Shatt-al-Arab was a British victory, to be sure: but it had been a bloody slog, requiring a month to secure a lightly fortified waterway that had been all but abandoned by the Ottomans since Enver was committed to his Caucasian and Suez offensives.

As I see it, British military planners failed to appreciate the risks associated with the Dardanelles operation because they had little incentive to appreciate them. They were engaged in a massive, unproductive slaughter in Western Europe and were eager to achieve tangible results somewhere else on the global battlefield. A direct strike at the Ottoman Empire would serve that purpose nicely. What’s more, because the French were touchy about British military action in certain other parts of the Middle East, options outside the Dardanelles were limited.

Warren Buffett coined the term “institutional imperative” to describe this type of inertia:

In business school, I was given no hint of the imperative’s existence and I did not intuitively understand it when I entered the business world. I thought then that decent, intelligent, and experienced managers would automatically make rational business decisions. But I learned over time that isn’t so. Instead, rationality frequently wilts when the institutional imperative comes into play.

For example: (1) As if governed by Newton’s First Law of Motion, an institution will resist any change in its current direction; (2) Just as work expands to fill available time, corporate projects or acquisitions will materialize to soak up available funds; (3) Any business craving of the leader, however foolish, will be quickly supported by detailed rate-of-return and strategic studies prepared by his troops; and (4) The behavior of peer companies, whether they are expanding, acquiring, setting executive compensation or whatever, will be mindlessly imitated.

Institutional dynamics, not venality or stupidity, set businesses on these courses, which are too often misguided. After making some expensive mistakes because I ignored the power of the imperative, I have tried to organize and manage Berkshire in ways that minimize its influence.

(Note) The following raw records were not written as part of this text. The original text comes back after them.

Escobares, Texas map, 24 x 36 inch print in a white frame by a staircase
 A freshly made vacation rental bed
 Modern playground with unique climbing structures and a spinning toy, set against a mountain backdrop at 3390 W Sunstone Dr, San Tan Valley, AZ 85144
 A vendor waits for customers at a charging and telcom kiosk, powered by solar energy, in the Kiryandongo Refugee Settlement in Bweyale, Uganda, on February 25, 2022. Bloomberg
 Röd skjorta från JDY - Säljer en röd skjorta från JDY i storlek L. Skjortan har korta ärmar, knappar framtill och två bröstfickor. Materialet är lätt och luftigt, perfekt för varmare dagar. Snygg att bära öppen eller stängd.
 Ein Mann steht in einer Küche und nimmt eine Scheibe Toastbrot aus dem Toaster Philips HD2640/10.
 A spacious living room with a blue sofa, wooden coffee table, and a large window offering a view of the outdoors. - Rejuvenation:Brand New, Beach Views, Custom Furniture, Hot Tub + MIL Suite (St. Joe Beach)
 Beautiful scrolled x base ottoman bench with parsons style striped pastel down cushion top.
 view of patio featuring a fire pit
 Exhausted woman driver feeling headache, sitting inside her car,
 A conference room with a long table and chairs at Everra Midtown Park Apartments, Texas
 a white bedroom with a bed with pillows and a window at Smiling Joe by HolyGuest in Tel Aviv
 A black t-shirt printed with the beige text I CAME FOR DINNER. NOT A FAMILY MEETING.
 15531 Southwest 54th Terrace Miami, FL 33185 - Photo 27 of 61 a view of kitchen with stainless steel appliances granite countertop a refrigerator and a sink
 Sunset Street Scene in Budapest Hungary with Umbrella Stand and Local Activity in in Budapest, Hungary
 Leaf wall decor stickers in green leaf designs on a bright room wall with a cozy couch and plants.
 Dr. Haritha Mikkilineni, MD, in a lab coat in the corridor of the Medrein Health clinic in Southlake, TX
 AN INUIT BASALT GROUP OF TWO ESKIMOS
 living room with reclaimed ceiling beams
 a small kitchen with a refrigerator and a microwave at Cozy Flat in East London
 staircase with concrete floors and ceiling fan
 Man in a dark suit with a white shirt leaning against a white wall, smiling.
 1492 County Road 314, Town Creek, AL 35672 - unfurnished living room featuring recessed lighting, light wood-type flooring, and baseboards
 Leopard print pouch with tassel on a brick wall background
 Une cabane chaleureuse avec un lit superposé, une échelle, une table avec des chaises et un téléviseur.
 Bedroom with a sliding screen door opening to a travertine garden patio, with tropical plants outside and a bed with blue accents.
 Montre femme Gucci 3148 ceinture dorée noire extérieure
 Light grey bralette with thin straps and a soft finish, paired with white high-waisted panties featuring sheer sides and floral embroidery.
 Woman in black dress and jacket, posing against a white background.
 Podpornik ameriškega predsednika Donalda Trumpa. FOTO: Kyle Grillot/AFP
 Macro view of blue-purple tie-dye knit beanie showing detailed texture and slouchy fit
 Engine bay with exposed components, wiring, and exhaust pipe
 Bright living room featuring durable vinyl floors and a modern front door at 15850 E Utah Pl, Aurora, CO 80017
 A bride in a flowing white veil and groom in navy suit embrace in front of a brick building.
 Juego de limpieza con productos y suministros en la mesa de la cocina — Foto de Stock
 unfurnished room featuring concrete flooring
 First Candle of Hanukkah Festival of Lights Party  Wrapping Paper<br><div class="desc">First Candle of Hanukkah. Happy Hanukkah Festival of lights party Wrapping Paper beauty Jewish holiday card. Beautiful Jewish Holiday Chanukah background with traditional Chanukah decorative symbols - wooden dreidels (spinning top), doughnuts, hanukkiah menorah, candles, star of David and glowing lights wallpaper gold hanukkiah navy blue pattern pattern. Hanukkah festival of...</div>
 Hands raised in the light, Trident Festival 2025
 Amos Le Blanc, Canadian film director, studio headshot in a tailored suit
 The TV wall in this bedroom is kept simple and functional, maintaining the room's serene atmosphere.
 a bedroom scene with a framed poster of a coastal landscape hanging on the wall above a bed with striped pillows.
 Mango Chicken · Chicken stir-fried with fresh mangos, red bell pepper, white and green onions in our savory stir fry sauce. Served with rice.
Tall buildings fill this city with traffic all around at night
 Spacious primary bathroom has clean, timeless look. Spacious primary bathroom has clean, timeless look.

So it was with the British in 1915.

Critically, there is no risk management process that can counteract the institutional imperative. As Buffett points out in his 1989 letter, “any business craving of the leader, however foolish, will be quickly supported by detailed rate-of-return and strategic studies prepared by his troops.” No amount of fact-finding or analysis will help. Only prudent leadership can prevent systemic failures resulting from institutional inertia.